US-Gericht sieht illegale Monopole – weitere Verfahren und EU-Druck belasten den Konzern

 Google droht Aufspaltung im Werbegeschäft

Ein US-Gericht hat in einem Kartellverfahren festgestellt, dass Google in zwei Bereichen der Online-Werbung ein illegales Monopol innehat. Laut Bundesrichterin Leonie Brinkema betrifft dies die Märkte für Anzeigenserver von Verlagen sowie für Werbebörsen, die als Vermittlungsstellen zwischen Käufern und Verkäufern agieren. Die Richterin urteilte, dass der Konzern in diesen Segmenten widerrechtlich seine Marktmacht ausgebaut habe. Nicht belegt werden konnte hingegen ein Monopol bei Netzwerken für Werbetreibende.

Die US-Staatsanwaltschaft wirft Google vor, klassische Praktiken zur Bildung eines Monopols angewendet zu haben. Demnach habe das Unternehmen Konkurrenten durch Übernahmen ausgeschaltet, Kunden langfristig an die eigenen Dienste gebunden und kontrolliert, wie Transaktionen auf dem Online-Werbemarkt abgewickelt werden.

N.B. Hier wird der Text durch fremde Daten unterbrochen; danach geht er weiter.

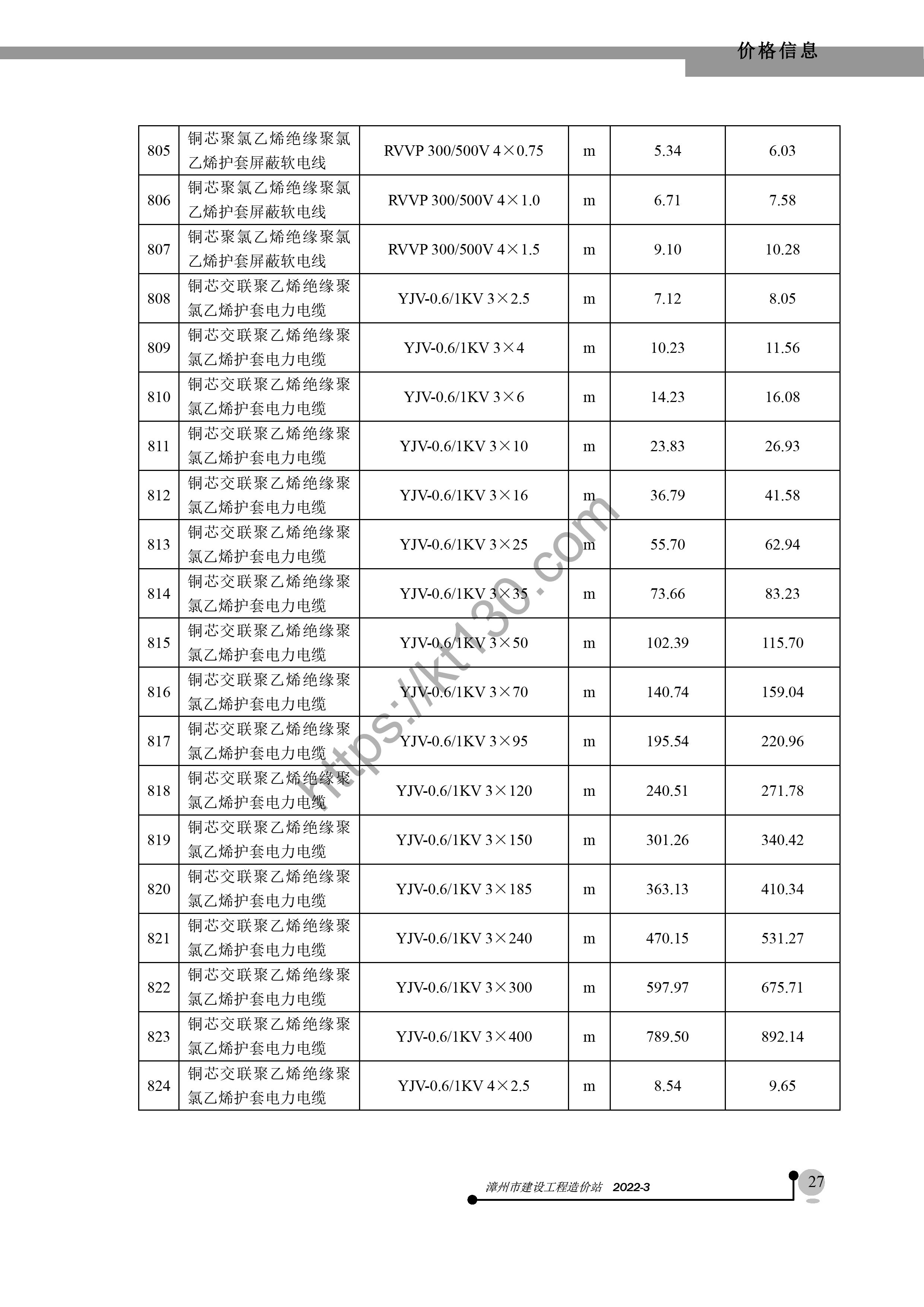 漳州市2022年3月建筑材料价_电缆电线_39621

Diese Praktiken könnten nun dazu führen, dass das Justizministerium den Verkauf einzelner Geschäftsbereiche erzwingen will. Konkret geht es dabei um den Google Ad Manager, der beide vom Urteil betroffenen Marktbereiche umfasst.

Die Entscheidung aus dem Gerichtssaal hatte Auswirkungen auf den Aktienkurs der Google-Mutter Alphabet. An der US-Technologiebörse Nasdaq verlor die Aktie zeitweise 2,4 Prozent an Wert. Das Unternehmen wies die Vorwürfe zurück und betonte, der Fall beziehe sich auf frühere Geschäftspraktiken. Man habe daran gearbeitet, die eigenen Werbetools mit denen der Konkurrenz kompatibel zu machen. Zudem würden andere große Wettbewerber wie Amazon und Comcast von den Behörden nicht ausreichend berücksichtigt. Eine Sprecherin des Unternehmens erklärte, Google habe die Hälfte des Verfahrens für sich entschieden und werde gegen den restlichen Teil Berufung einlegen.

Der Technologiekonzern sieht sich derzeit mit weiteren kartellrechtlichen Verfahren konfrontiert. Ein anderes US-Gericht in Washington wird in der kommenden Woche über einen Antrag des Justizministeriums verhandeln, in dem die Abspaltung des Internet-Browsers Chrome und weitere Maßnahmen gefordert werden, um die Marktdominanz von Google in der Online-Suche einzudämmen.

Bereits zuvor hatte Google laut Berichten auf den regulatorischen Druck in der Europäischen Union reagiert. Demnach bot das Unternehmen nach Angaben von Insidern den Verkauf seiner Handelsplattform für Online-Werbung an. Auch die EU wirft Google vor, das eigene Werbegeschäft gegenüber anderen Marktteilnehmern zu bevorzugen. Dieses Geschäft gilt als zentrale Einnahmequelle des Konzerns.